For the crust, preheat the oven to 400°F. Place the butter into a medium-sized bowl. Microwave for about a minute to melt the butter. In a blender or food processor, grind the oats until they resemble fine flour—this may take a few minutes. Pour the oat flour into the bowl with the melted butter, add sugar and salt, and mix until a crumbly dough forms.
Roll out the dough then place into an 8-inch pie plate or tin. Press the dough to cover the entire surface of the pie tin and trim and crimp the edges. Place a piece of parchment paper over top of the crust and place something heavy (like dry beans or another pie plate) on top to weigh the dough down. Bake 15 minutes then remove and cool. Lower oven temperature to 375°F.
For the filling, heat a large skillet over medium-high heat. Add the butter and melt. Once melted, add the apples and sauté about 8 minutes, tossing often to prevent them from browning. Add the sugar, 1/2 cup of the apple cider and the apple cider vinegar. Bring to a bubble. In a small bowl, mix the cornstarch into the remaining 1/2 cup of apple cider with a fork until smooth. Add the cornstarch mixture, cinnamon, ginger and salt to the pan with the apples. Cook until thickened, about 5 minutes. Remove from the heat and cool.
For the topping, place the butter into a medium bowl and microwave to melt. Mix in the brown sugar, almond meal and salt.

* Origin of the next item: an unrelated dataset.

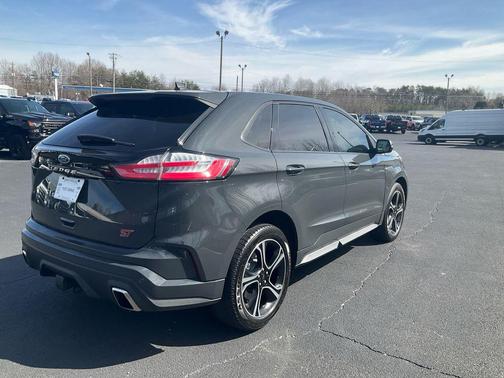 2021 Ford Edge ST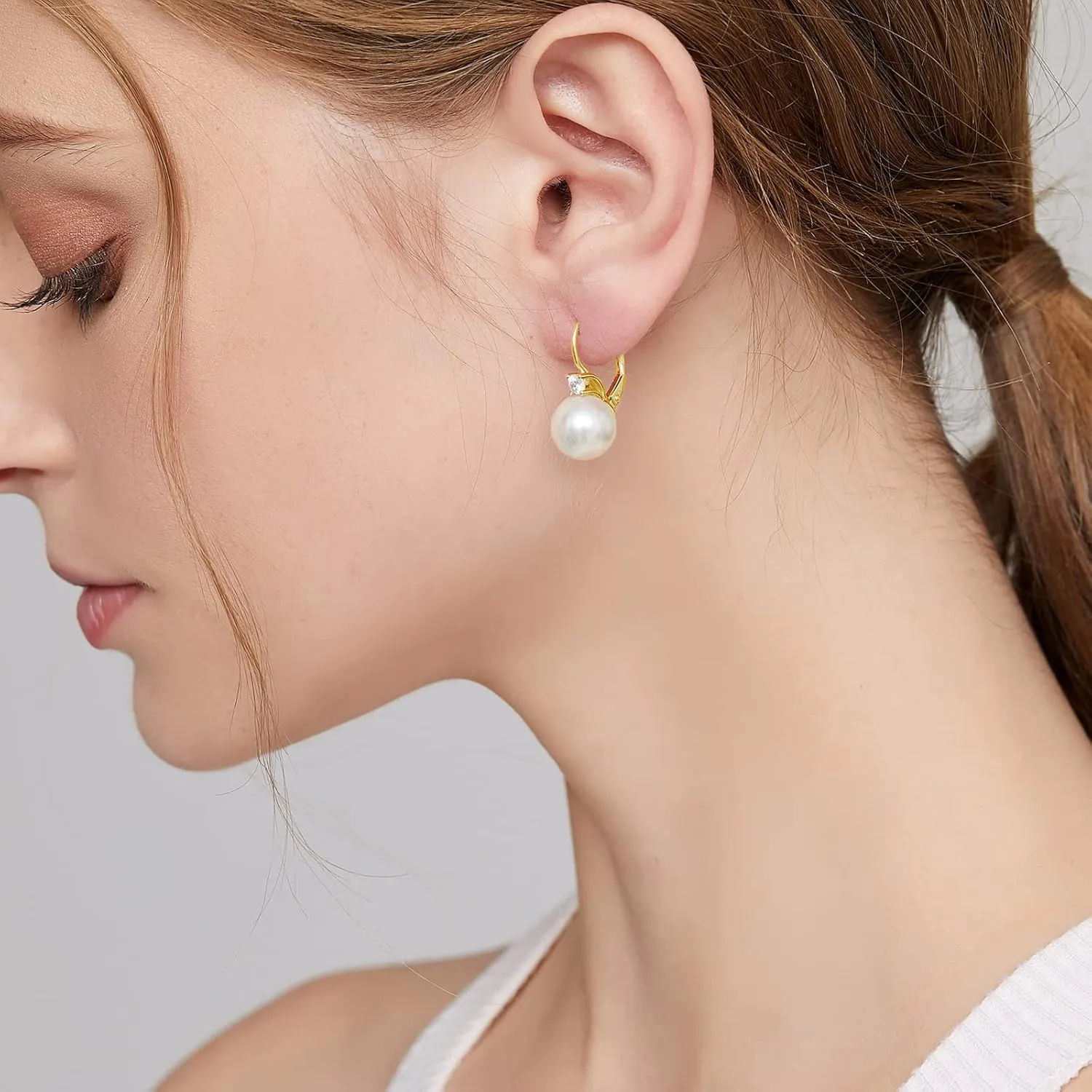 Jiamiaoi Pearl Diamond Earrings for Women Dangle Drop Earrings 925 Sterling Silver Pearl Lever Back Drop Earrings Pearl Silver Earrings for Women Come with Gift Box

Pour the apple filling mixture into the pre-baked pie shell. The filling should come up to just the top of the pie crust. Pour all of the topping over the top of the pie—it will look like a lot but it will sink down a bit when it cooks. Place pie onto a parchment-lined baking sheet in case any filling bubbles over. Bake for 35-40 minutes or until the top is evenly brown.